Thursday, February 05, 2015

WILDERNESS





Wilderness, Robert Penn Warren, Random House, 1961, 310 pp



Robert Penn Warren's seventh novel is set in Civil War times but though he draws on his studies of that conflict, it is really about something else.

Adam Rosenzweig, born a club-footed Bavarian Jew, sets out on a quest to honor his recently deceased father. His intent is to fight for freedom, that having been the defining mission of his father's life. He gets himself a special boot to correct his deformed foot and takes a ship to America where he plans to join the Union Army and fight for the freedom of the slaves.

Of course nothing turns out as he planned. He spends time in army camps in an area called the Wilderness, working for a sutler. His only friend is a Negro fellow employee and he experiences all the grit and suffering and insanity of war without ever fighting as a soldier.

Thus the novel becomes a story about living according to one's passion, no matter how innocently conceived nor how badly carried out, because to live any other way is hardly to have lived.

I liked the book.
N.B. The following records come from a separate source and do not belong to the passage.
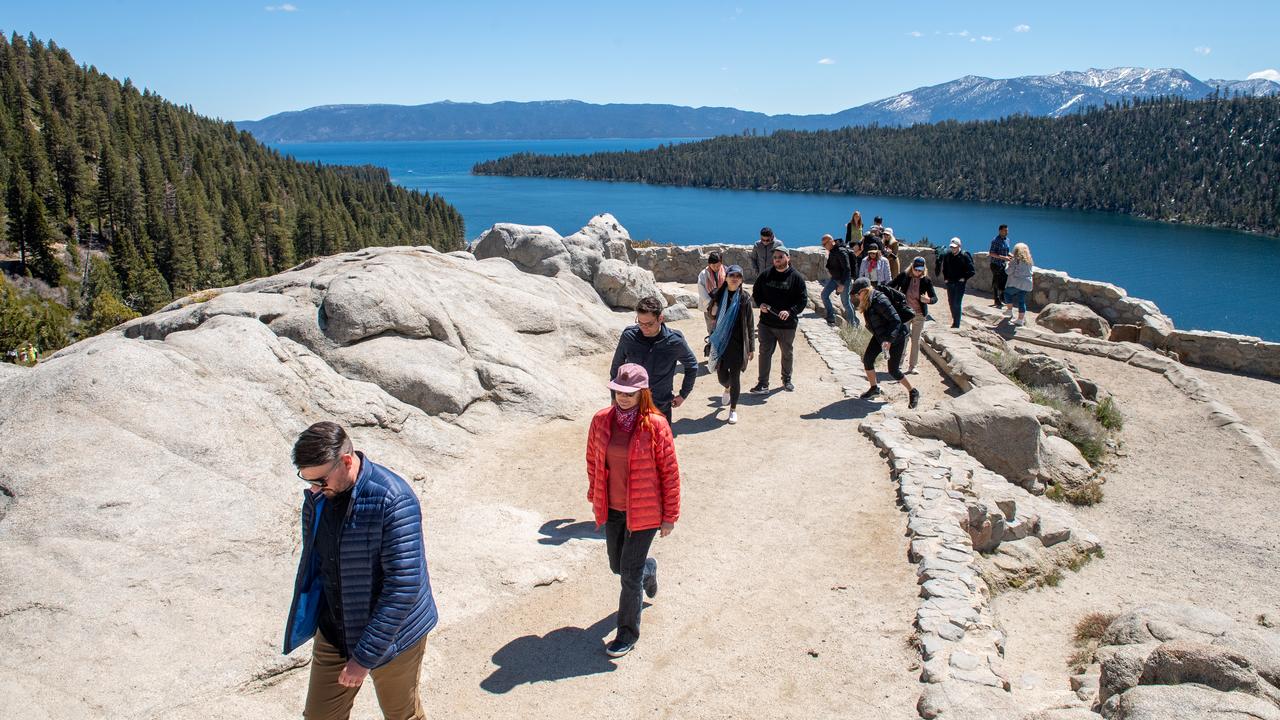 This is Emerald Bay State Park. Picture: Visit California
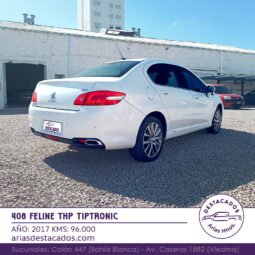 408 FELINE 1.6 THP TIP – 2017 lleno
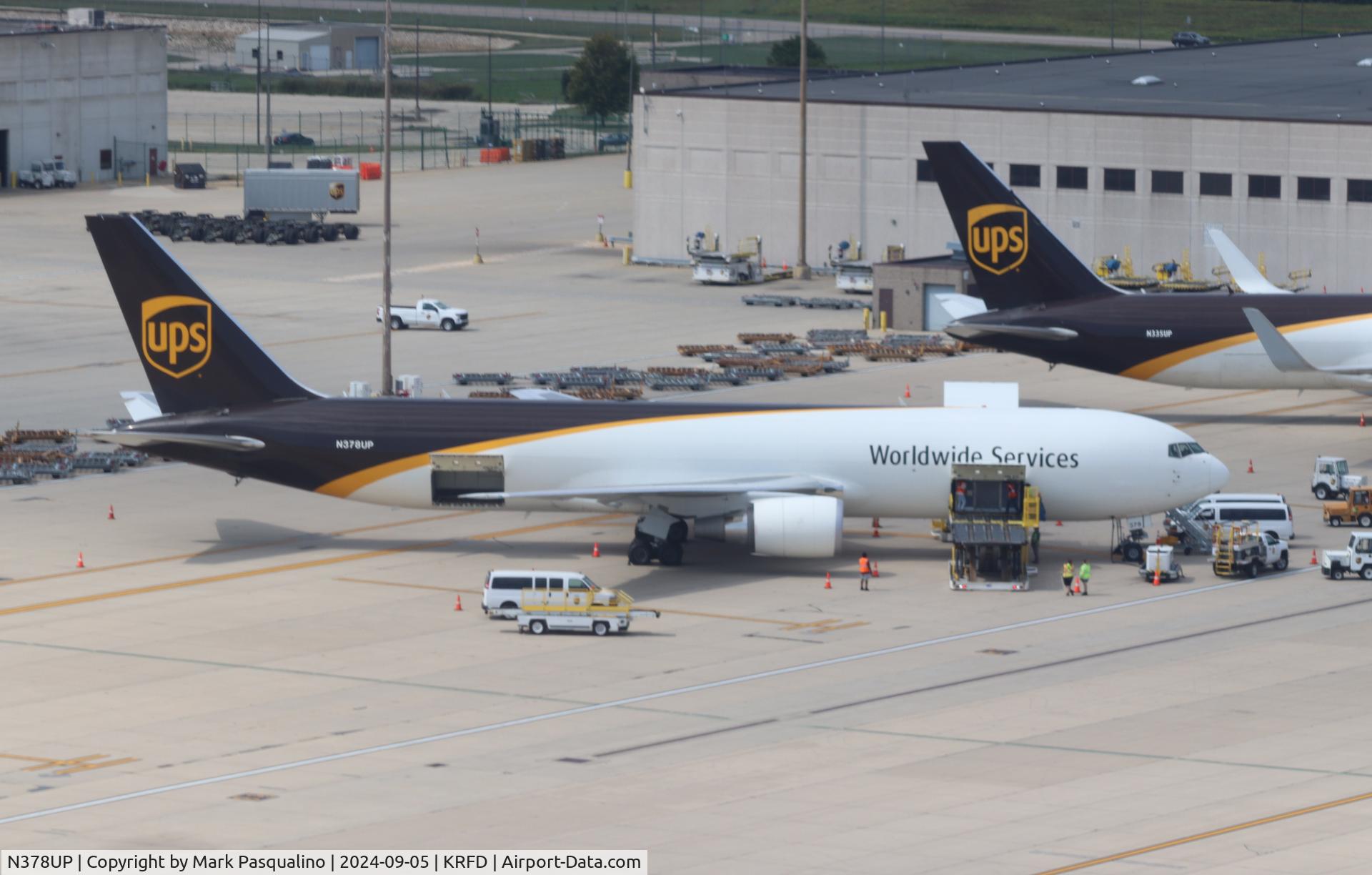 N378UP, 2023 Boeing 767-300F C/N 67920, Boeing 767-300F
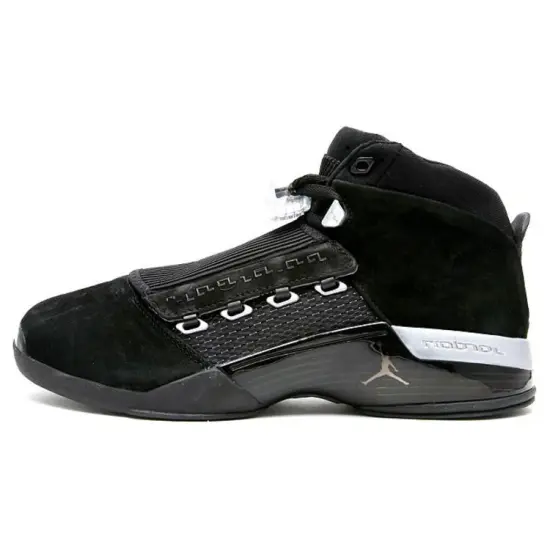 Jordan 17 Retro Black Silver CDP 2008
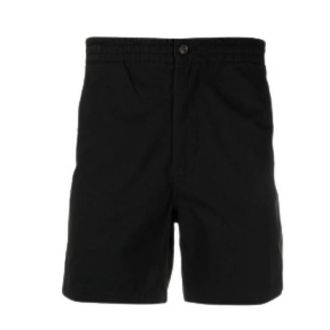 Polo Ralph Lauren Casual Shorts, male, Black, Size: XL Drawstring Short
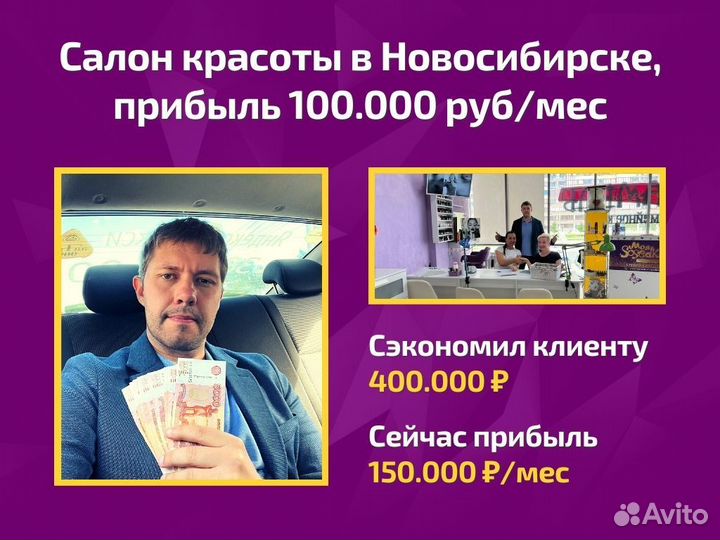 Подбор готового бизнеса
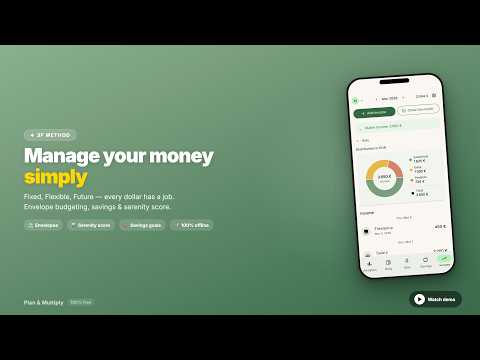 Plan & Multiply: Budget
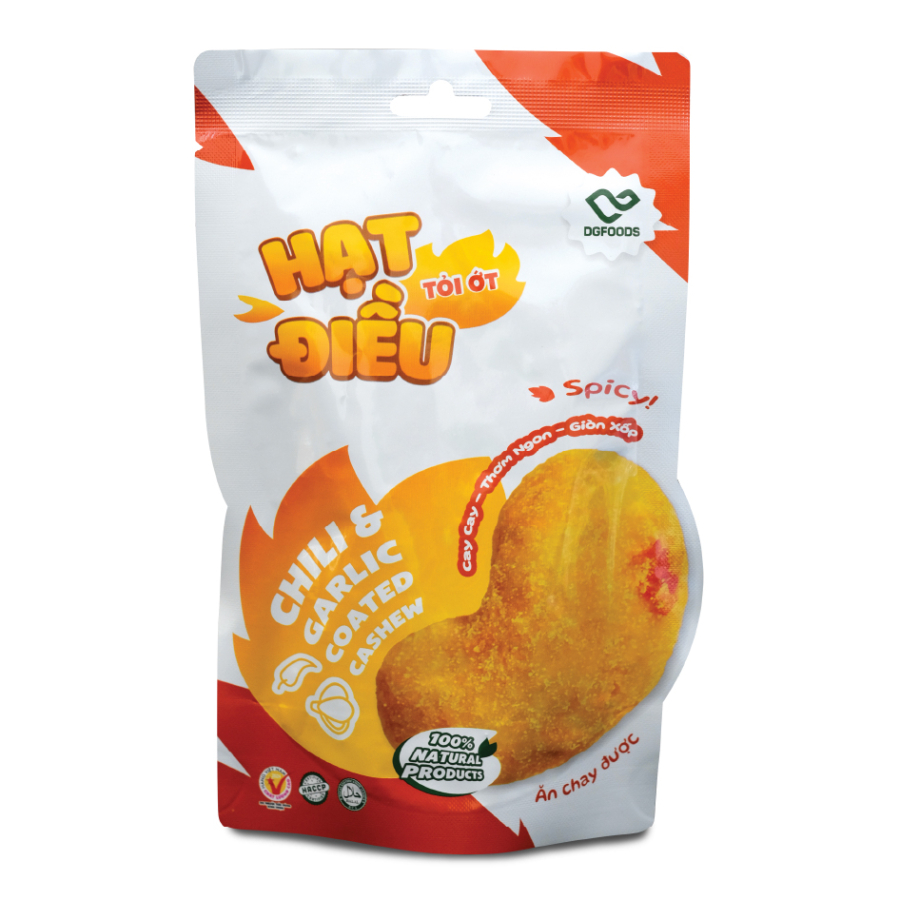 Hạt Điều Tỏi ỚT 70g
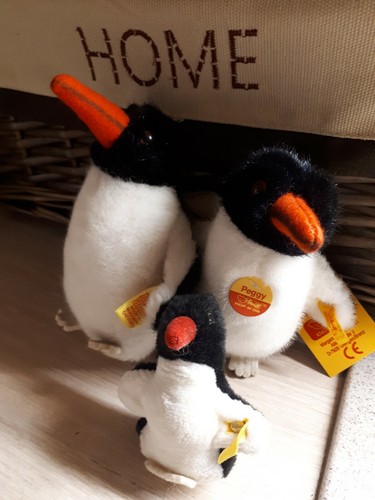 Steiff tiere familie pinguin - tiere,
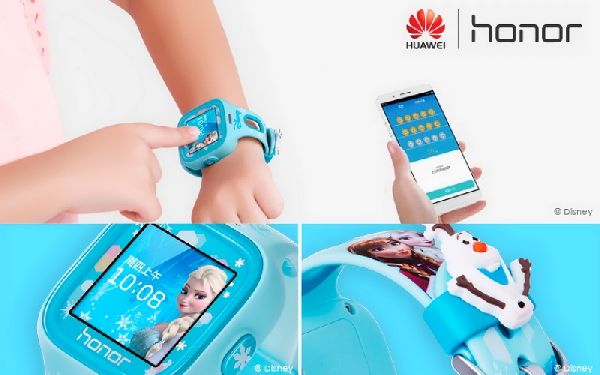 Gåva till först-graders: Barnens smarta klockor Huawei Honor Xiao K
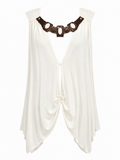 Cinema backless cut out top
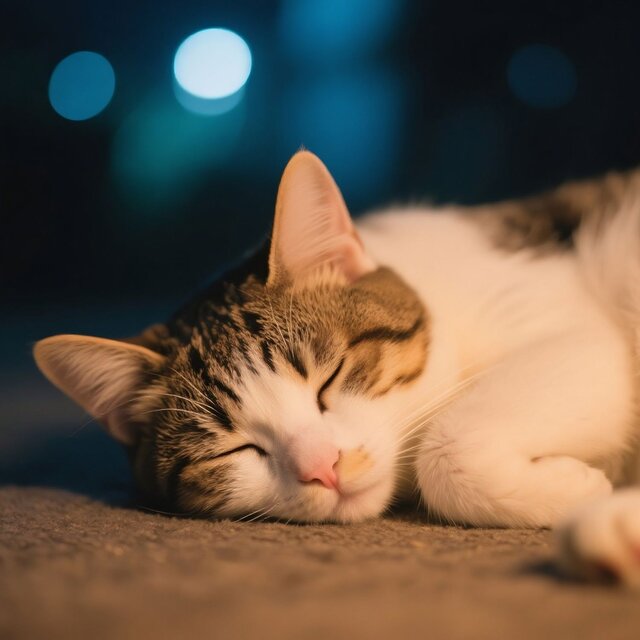 Cats’ Relaxing Lofi Atmospheres
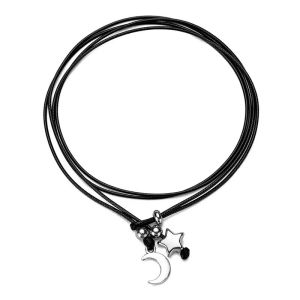 Taidu Bohemian ngôi sao và mặt trăng vòng đeo chân cho phụ nữ thanh lịch phong cách cổ điển trang sức thời trang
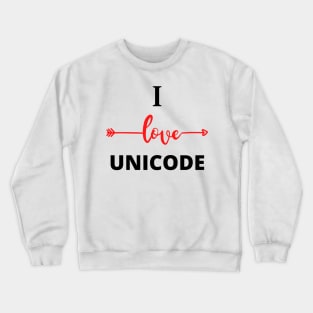 Unicode Crewneck Sweatshirt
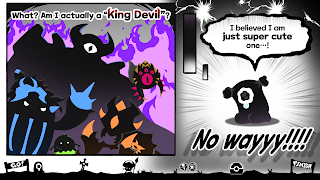 Awesome Devil: Idle RPG! - Screenshot 1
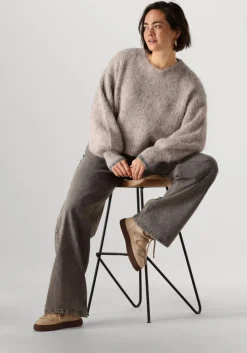 beige inuikii vachtlaarzen grape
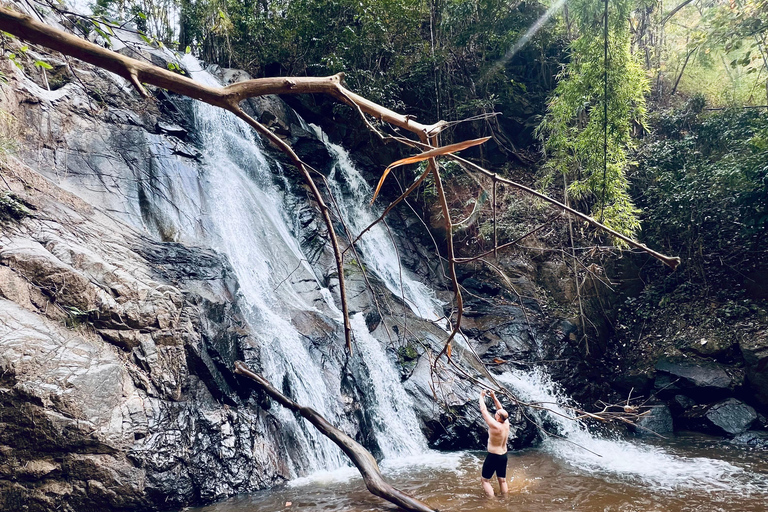 Chiang Mai 2-Day Adventure: Trekking, Tubing & Waterfalls 1-Night Jungle Stay - Trek, Tubing & Waterfall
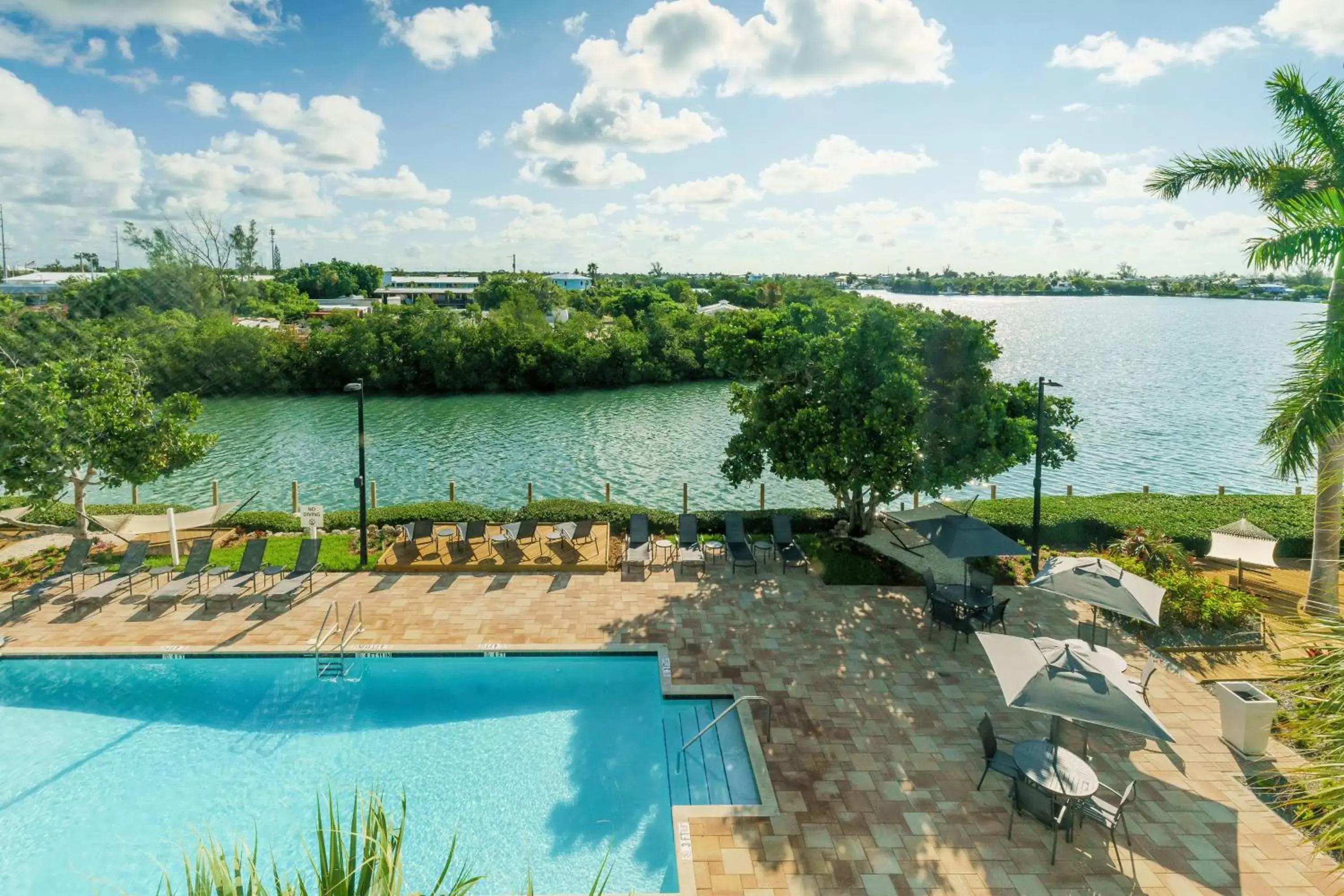 Swimming pool, Pool View in Fairfield by Marriott Inn & Suites Marathon Florida Keys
At times it reminded me of The Good Lord Bird, by James McBride. The voice and major themes of RPW's writings come through loud and clear.

On the night Adam's father was buried he thought, "This was the moment when the dead realize the truth: This is it, it will never be different. To be dead, he thought, that was to know that nothing would ever be different. He thought: I am alive."

And so we carry on.


(Wilderness is best found at libraries or from used booksellers.)